Monday, October 01, 2007

Kids and Death

Yesterday Sophie was saying that she didn't want to live in our new house, she wanted to move back to our old one with Chicken. It makes perfect sense, we left a lot of stuff at the old place, why not Chicken too? I tried to explain. "Chicken isn't in our old house, he's dead." But I don't think she really gets it. She kept saying things like "when I die, I am going to live in our old house." I get a double heart ache from that.

Part of me is really glad that she isn't able to grasp it, try as she might. It is funny the way we adults fear things and assume our kids would fear them with the same intensity. Will gets scared in the dark sometimes, but I am not really sure what it is about the dark that scares him. When I was young (not even very young) the dark terrified me. What scared me was the thought that of being startled, surprised by something I couldn't see. I don't remember being afraid of what would happen next, after the surprise, it was the surprise itself. I imagine I could have come up with unpleasant things that might happen to me, but I don't remember dreading those things.

The kids tend to get scared by angry faces, aggressive animals and such. For example in the film Finding Nemo, they get scared when the Sharks Chase Marlin and Dory, and when the Barracuda menaces Marlin at the beginning of the film. I am bothered by the next scene when all of Nemo's little brothers and sisters (eggs) are gone, as well as his mother (presumably in the mouth of the barracuda). That scares me. I don't think it scares or bothers the kids much.

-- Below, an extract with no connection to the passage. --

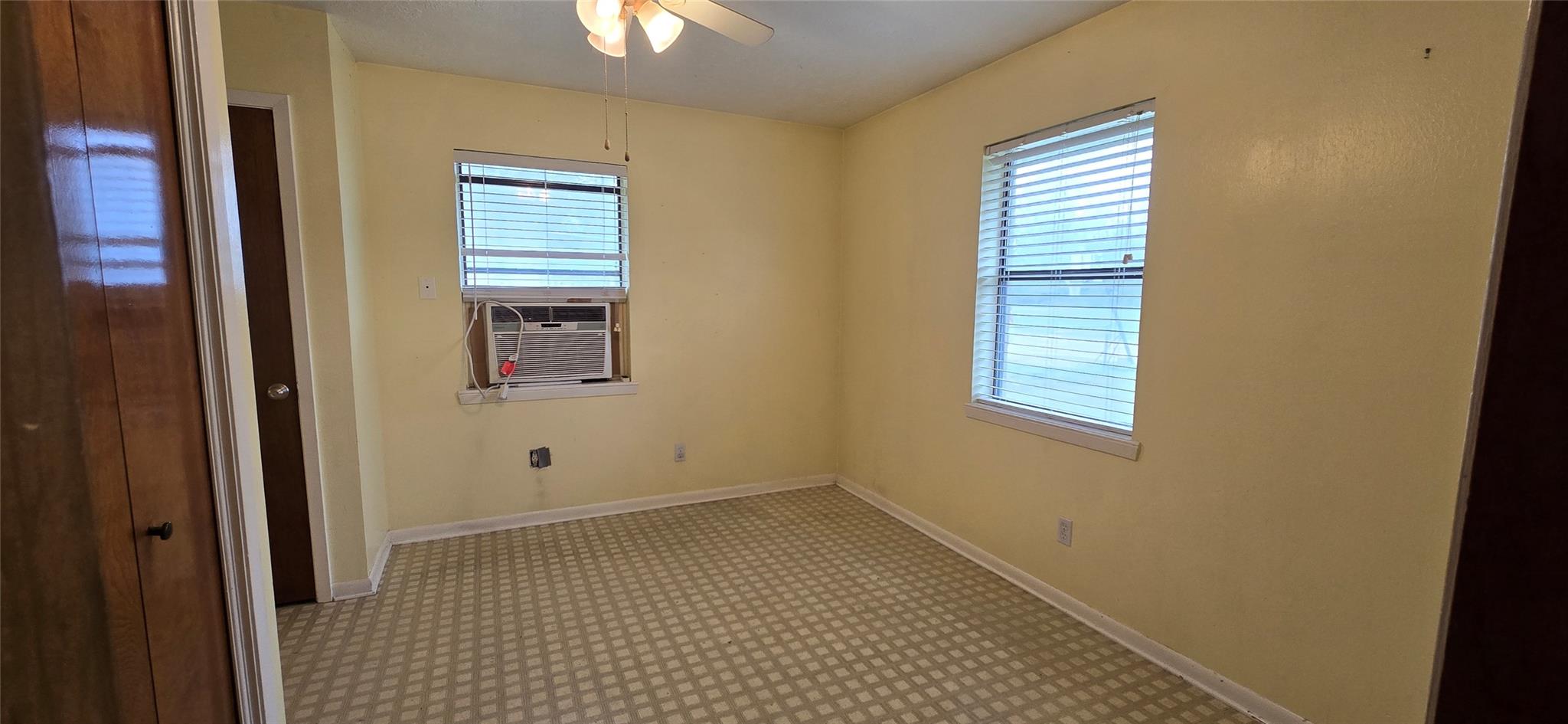 701 Burleson St Property Photo 3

We've done our best to be honest, if not forthcoming, about Chicken. He frequently gets lumped in with GG (my grandmother) as someone we are not going to see anymore. They seem relatively accepting of those stories. I feel more uneasy talking about Joan (Carly's mom) who died when she was still a kid. I worry that might be too much. Maybe again this is just a fear of mine (that our kids could be left without one of us), and not something they would be troubled by. We haven't lied about it, but we don't bring it up much.

1 Comments:

At 12:19 AM, Blogger Amanda said...

Actually, when *I* die can I go live in the old house with Chicken? Sounds like a good afterlife to me.
Surely there must be a parenting book that talks about when kids "get" the idea of death.